After weeks of deliberating and three visits from YMCA representatives, the three members of the Harrison County Board of Commissioners Monday night reached a consensus: they will ask the Harrison County Council to OK $75,000 in riverboat funds for the Y.
“It is easy to say it is a unanimous decision across the board to support you,” said Commissioner J.R. Eckart, whose motion to ask for the funds passed with a second from James Goldman.
“You have stated the cause most eloquently,” commission chair Terry L. Miller told Corydon attorney John Evans, who voluntarily represents the Y’s cause. “More people have contacted me on the YMCA, both pro and con, than on the jail, the riverboat and probably the animal shelter — people I respect on both sides.
“I would give it my support,” he said, just minutes before the vote was taken.
If approved by the council, the $75,000 will likely put the Y over the top of its $300,000 “Founders Campaign” goal. Initially seeking $100,000, the Y folks had scaled back their request to $30,000. The lower amount was requested in letters to the commissioners, after recent fund-raising had exceeded expectations, said Catherine Turcotte, president of the Y board.
Once the request was approved in excess, she said: “I want to thank you for caring so much about this project and what it will do for the community.”
Without the award, the Y had reached $221,000 toward the $300,000, important because that’s the amount the Harrison County Community Foundation will match with an endowment.
But $30,000 of the $221,000 represents a restricted contribution, which doesn’t qualify for the matching funds.
That’s one of the reasons Goldman said he decided to grant more than the $30,000 request.
And, he said, the project has received unprecedented public support. “I have only heard one negative comment, period,” he said after the meeting. “I talked to a lot of people, and everyone supported the Y.”
Goldman said earlier his initial concern was that the Y is a private group.
“I questioned if the county government should be putting money in a private organization,” he said. “I really wrestled with it for a long time.
“Then I realized that everyone would have an opportunity to be a member, and that creates a different scenario.
“I think it will enhance the community and make it what we want it to be,” Goldman said. “It will bring everybody up to a new level.”
Miller pointed out that the YMCA program would benefit many more Harrison Countians than others that have required larger financing.
The commissioners can’t actually grant the money. They will ask the county council, the fiscal body, to appropriate the money from riverboat funds, either out of the human services or economic development account.

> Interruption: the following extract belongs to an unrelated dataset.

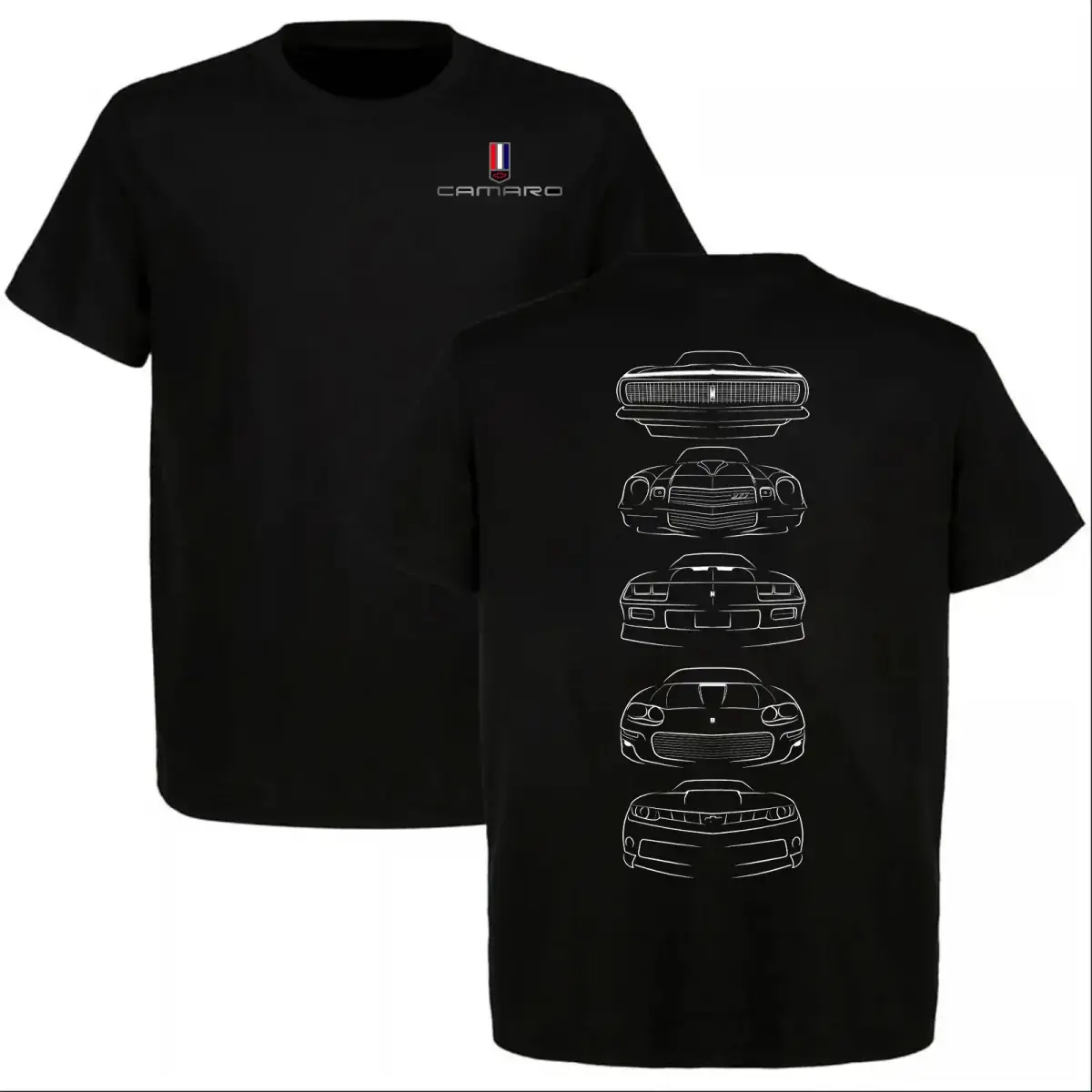 Classic Chevrolet Camaro Evolution Graphic T Shirt Chevy Camaro Muscle Car Tee Vintage Retro American Muscle Car Apparel Street Style Casual Wear Premium Cotton Comfortable Short Sleeve Top For Adult Car Enthusiast Automotive Graphic Daily Outfit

The process will probably take longer than the Foundation’s matching grant deadline of July 31, because of advertising requirements.
Steve Gilliland, executive director of the Foundation, said if that happens, the Foundation will still honor the match.
Before the decision, Evans, the attorney for the YMCA, spoke emotionally about the YMCA’s role in other communities.
He told about a woman who credits the Y with helping her recover from the devastating death of her newborn child. The story stressed how the Y caters to and includes people of all ages, races and income levels.
The Y, he said, will offer an opportunity for everyone in the community to work together, a long-range goal stressed by First Lady Judy O’Bannon in her talk in Corydon Saturday.
Turcotte said fund-raising efforts will continue. Two pending special promotions are expected to the put the Y over the top with its $300,000 Founders Campaign, but any additional amount raised will go into the building fund. The first $300,000 will be used for operating funds for the first three years, and earnings on the Foundation endowment will be used to provide Y scholarships.